Another work of literary genius. You never fail to strike my imagination with wonderfully loving and tragic images. I have loved your writing style from the first time I read your work and still love it to this day! Don't you ever dare to stop writing for that will be an extremely sad day. I adored it hunny!

With Love,

Marlene
kotaxvampire chapter 1 . 11/28/2010
great use of imagery. interesting using male as anorexic typically a female disorder strikes 10% of male with nearly a zero% recovery in male sufferers. aligning a broken mirror to his feelings of worthlessness is pure genius. excellent work.

Love, Mom
Twilight Children chapter 1 . 11/26/2010
this was pretty good, you made it so easy to see in my head, though the image was horrible. I like how you used skeleton to discribe how Edward looked.

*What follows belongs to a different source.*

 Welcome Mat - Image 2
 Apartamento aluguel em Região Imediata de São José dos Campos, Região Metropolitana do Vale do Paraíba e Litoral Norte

You've got a few gramma mistakes, and you need to add more commas or fullstops to break up your sentences like with "He had finally seen the damage the reason I hide myself in baggy shirt after baggy shirt I didn't exist." It would be eaiser to read if added commas like

"He had finally seen the damage, the reason I hide myself in baggy shirt after baggy shirt, I didn't exist." it doesn't make it just one sentence.

Another thing that you could maybe improve on is the way Edward thinks, He kind of goes from thinking that "Thin is IN" to thinking that being healthy is a good thing in a matter of minuets. If you have changed the story into a chapter story you could have expressed it better, still the way he changed his mind was better then some stories I've read, where the sufferer does a complete 180 with no reason at all, in this you can still see that Edward's a little unconvinced.

I hope you write again soon, because you've got an interesting style of writing, different from what others around here write, plus you have an origional story line when it comes to anorexia, it always seems to be Bella for some reason.
Kari Twilight Mist chapter 1 . 11/22/2010
:'D So happy! *EPIC GLOMP* I'm here. I will try to always be.